Protest

Woche der Demos

Demonstration
Ulrich Graf Portrait 2019
Ulrich Graf
am Montag, 13.01.2020 - 14:42

Am Wochenende startet die Grüne Woche. Damit verknüpft sind alljährlich große Protestkundgebungen.

Berlin - In der Vergangenheit hat vor allem die bauernkritische "Wir haben es satt"-Demonstration in Berlin am ersten Samstag der Grünen Woche die Berichterstattung dominiert. Das könnte sich dieses Jahr ändern. Denn Land schafft Verbindung mobilisiert die Bauern in bislang unbekannten Ausmaß. Aber der Reihe nach.

Von Hof bis Berlin

Die Protestwoche hat an sich bereits vergangenen Samstag, den 11.01.2020 begonnen. Landwirte "begrüßten", wie sie selbst es formulierten, Bayerns Ministerpräsident Markus Söder (CSU) am Samstag mit einer Traktor-Demo beim CSU-Neujahrsempfang in Hof.

Am Sonntag, den 12.01.2020 schloss sich Augsburg an. Anlass war wiederum ein Neujahrsempfang für Minister Söder. Rund 2000 Landwirte kamen am Rathausplatz zusammen.

Am 14. Januar startet dann die heiße Phase. "Land schafft Verbindung - das Original" hat für diesen Termin ihren Protest angesagt. Sie hatte am 03. Januar 2020 die Bundesregierung aufgefordert, die geplante Düngerverordnung auszusetzen und nicht im Agrarpolitischen Ausschuss des Bundesrates zu behandeln.
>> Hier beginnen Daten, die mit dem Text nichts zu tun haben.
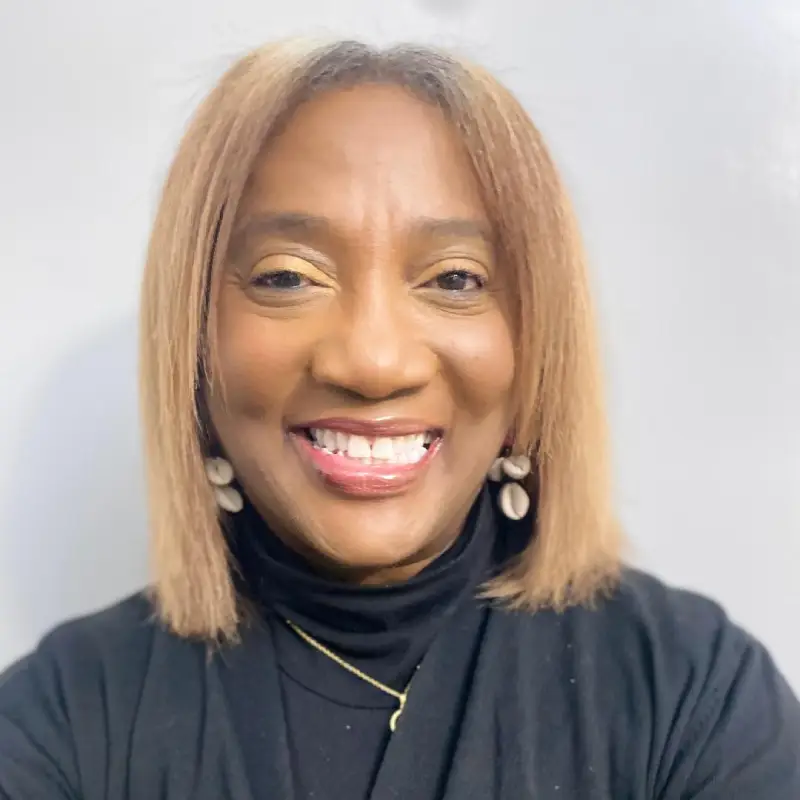 Headshot of Sharon Yvonne Murphy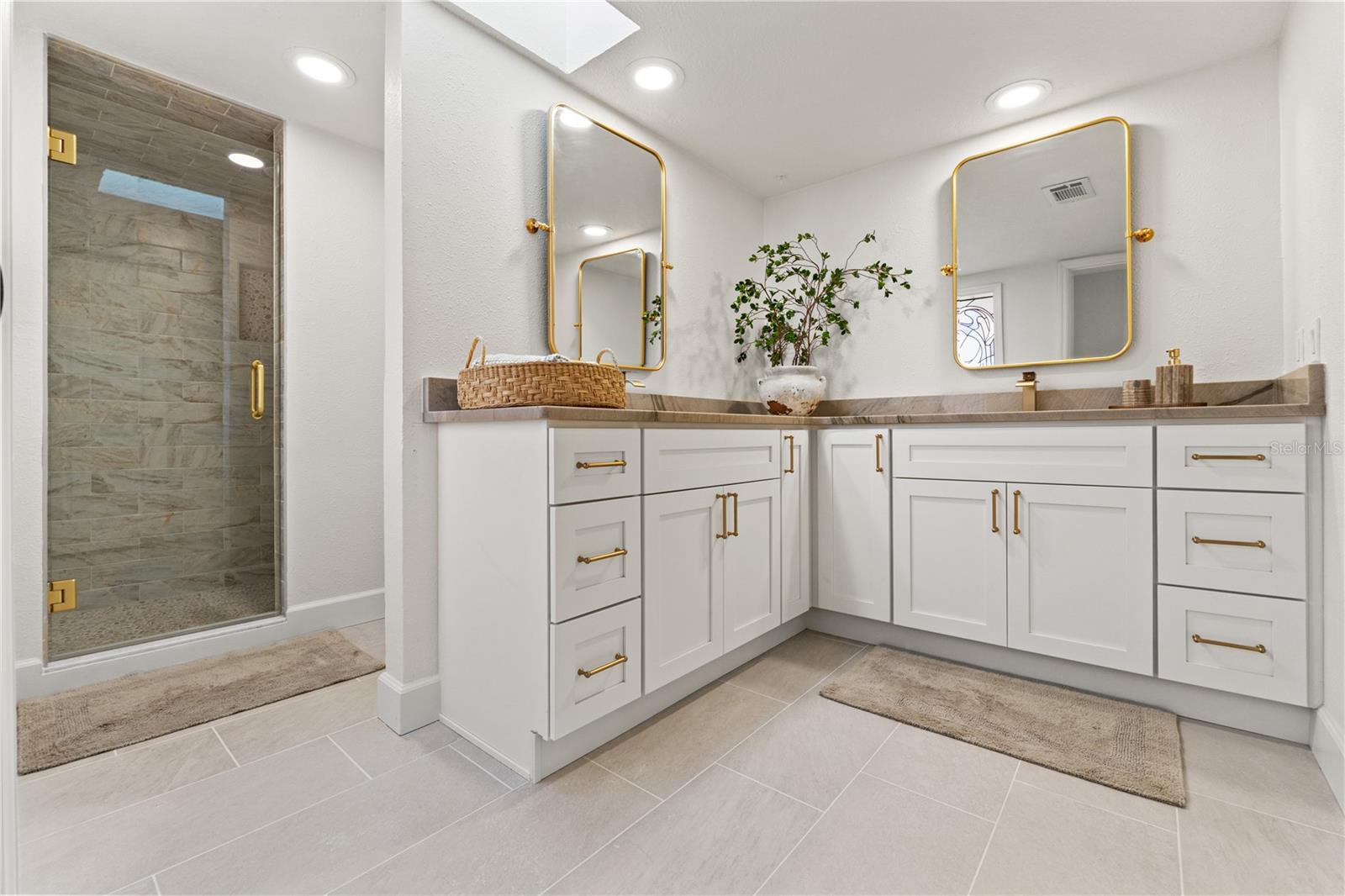 Image 30 of 62 For 5404 Glover Drive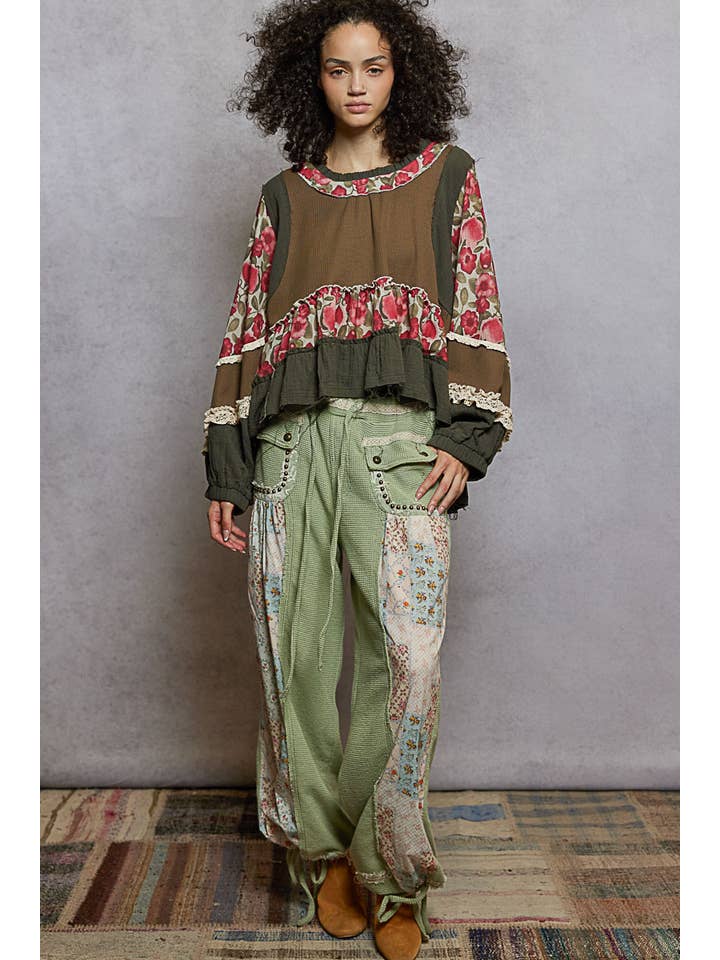 Pol Clothing - Wholesale Blouse - Women's - Round Neck Lace Trim Ruffle Hem Thermal Top4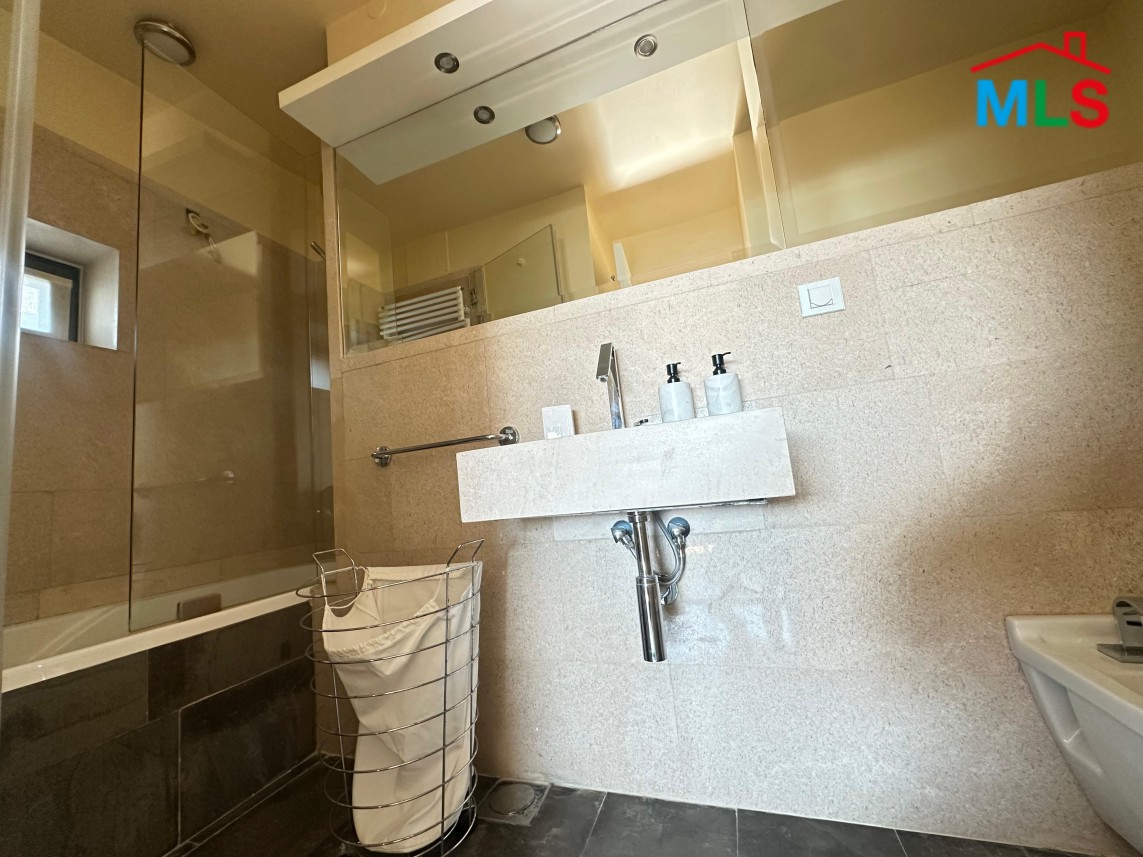 High-End Chalet with Terrace And Garden For Sale in Ouyoun El Siman, Mzar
Sei dies nicht der Fall, würden Protestkundgebungen folgen. Das Thema ist zwar von der Ausschussliste verschwunden, statt dessen wurde aber der "Green Deal" der EU-Kommission in die Sitzung aufgenommen. Nach Ansicht von "LsV - das Original" sind aus Green Deal für die Landwirtschaft ebenfalls katastrophale Folgen zu erwarten. Der Protesttermin wird deshalb aufrecht erhalten. Für alle, die sich an den Demonstrationen am 14. Januar 2020 beteilligen wollen, sind regionale Telegram Gruppen angelegt worden.

Am 17. Januar folgen dann bundesweite Aktionen von "LsV - Deutschland". Sie sind zum einen als Gegendemos zu der am nächsten Tag stattfindenden "Wir haben es satt"-Veranstaltung geplant. Zum anderen tagt dann der Ausschuss des Bundesrates zu dem bereits oben angesprochenen Thema. In Bayern ist an diesem Tag eine Großkundgebung in Nürnberg anberaumt. Die Schlepper stellen sich vor und auf dem Volksfestplatz bis um 12 Uhr auf. Ab 13.30 werden die ersten Reden beginnen. Sie dauern bis ca. 16 Uhr. In einem Video stellt Dirk Andresen die Beweggründe und einige Hintergründe zur Organisation für die bundesweite Aktion vor. 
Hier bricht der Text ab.